Au XVIII. Congrès d’octobre 2012, la présentation de Xi Jinping, en n°1, fut une belle opération de communication, lui conférant une image avenante et sympathique. Xi la confirma le 31/12 à Luotuowan (Hebei), en rendant visite, avec équipe TV, à 600 pauvres paysans : éperdue de solidarité, la Chine fit ensuite converger vers le hameau ses dons en espèces et en nature – Xi était le catalyseur de cet humanisme retrouvé.
Puis dans les media, 100 projets suivirent, esquissant le tournant libéral. Les camps de rééducation disparaîtraient. L’Etat interviendrait moins dans les affaires, se bornant à offrir un « cadre d’économie de marché, les produits et services publics, et la sécurité sociale ». Émise au Sommet de Davos, la formule est de l’économiste Fan Gang, mais d’autres hommes abondent en son sens, tels Li Keqiang, 1er ministre, et Lou Jiwei, possible ministre des Finances en mars.
Parmi les bonnes intentions populistes d’avant-Chunjie, Xi promet (28/01) de purger le Parti de ses membres « non qualifiés », sous l’angle de la corruption et de la discipline. Et pour assainir une filière agroalimentaire dont la cote de confiance est à zéro (causant d’étonnants mouvements d’importations parallèles depuis HK, Allemagne…), le ministère de l’Agriculture prétend créer d’ici 2015 des bases de production et de recherche semencière, et concentrer 60% du marché aux mains des 50 groupes les plus forts, sur les 6.300 que compte le pays. Autrement dit, le nouveau mot d’ordre de Xi Jinping serait « cap sur l’Etat de droit ».

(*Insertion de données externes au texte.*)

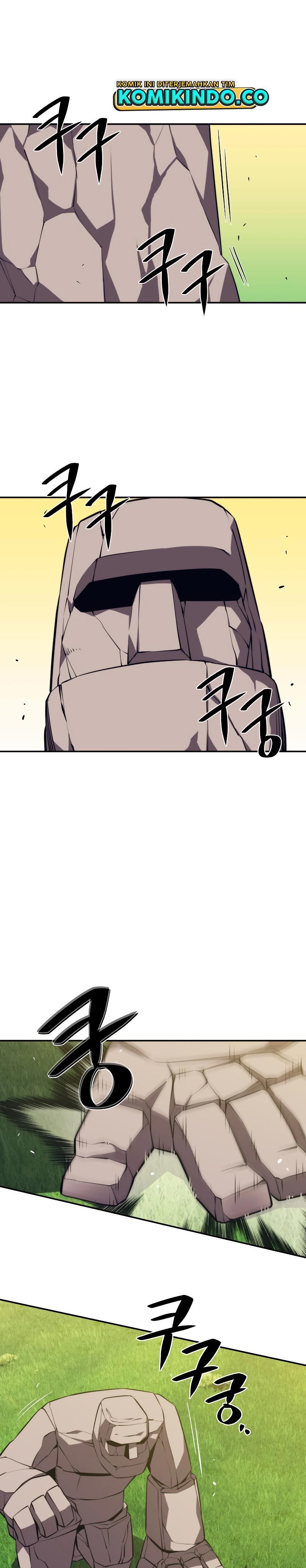 Seoul Station Necromancer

Cependant, Xi change de discours, suivant les milieux auxquels il s’adresse. Peu avant sa tournée à Luotuowan, Xi Jinping en avait fait une autre, au Sud de la Chine, dont le discours aux cadres du Parti vient d’être publié. Or les vues qu’il y professe sont résolument conservatrices et rappellent les « 4 points cardinaux » – muselières imposées à la réforme par Deng Xiaoping en juin 1989. La réforme, dit Xi, est « ce qui nous garde sur le chemin du socialisme aux couleurs de la Chine », soit tous les poncifs du PCC, enrichis des ajouts de ses leaders successifs : marxisme-léninisme, pensée de Mao, théorie de Deng, 3 Représentativités (Jiang Zemin) et théorie scientifique du développement (Hu Jintao).

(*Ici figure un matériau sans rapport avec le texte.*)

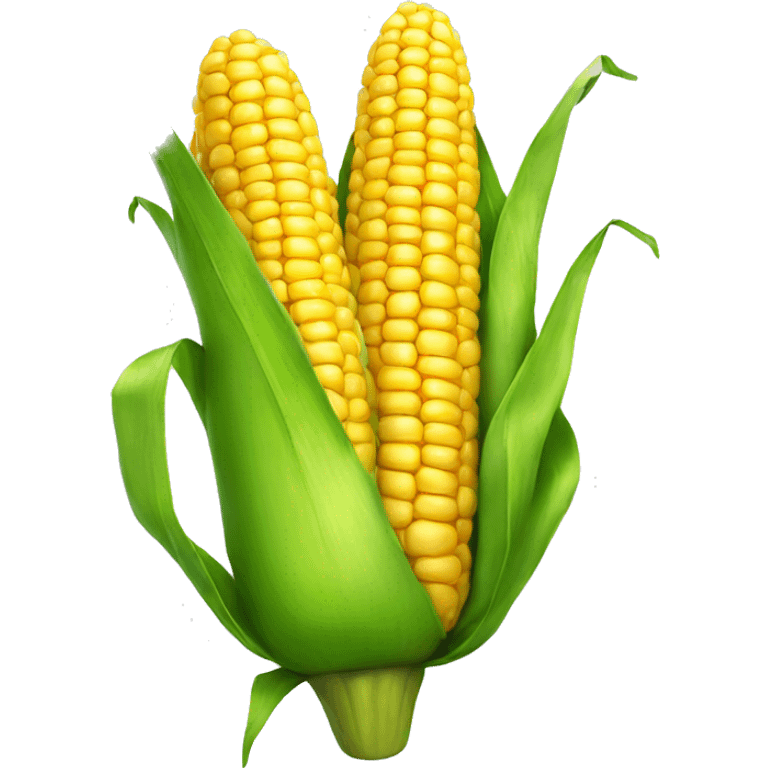 corn emoji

Xi accuse aussi Gorbatchev d’avoir causé la chute de l’URSS en « dépolitisant, nationalisant l’armée et la coupant du PCUS ». « Aucun homme alors n’a été assez homme, déplore-t-il, pour se dresser et résister…à cette confiscation du drapeau ». De ce discours émerge une autre priorité : non à l’Etat de droit, mais à la restauration d’une autorité et légitimité du Parti, par le travail idéologique. Ce que Xi résume sous cette autre formule dite des « 3 confiances » : dans la voie, le fondement théorique et le système.
Détail inquiétant : depuis son bref discours, fin du XVIII. Congrès, Xi ne fait plus allusion à la réforme politique…
En somme, entre Xi et l’opinion, l’état de grâce s’éteint déjà. Une question demeure, cependant, essentielle : entre le démocrate et l’apparatchik à poigne, où est le vrai Xi ? Le dur discours interne est-il sincère, ou bien opportuniste ? La première hypothèse semble la plus plausible. La seconde n’est cependant pas à exclure comme artifice, pour préserver l’espoir de changement. Cela lui permettrait de montrer patte blanche à la tendance dure, en attendant le XIX. Congrès de 2017, avec un nouveau Comité Permanent lui offrant plus de libertés.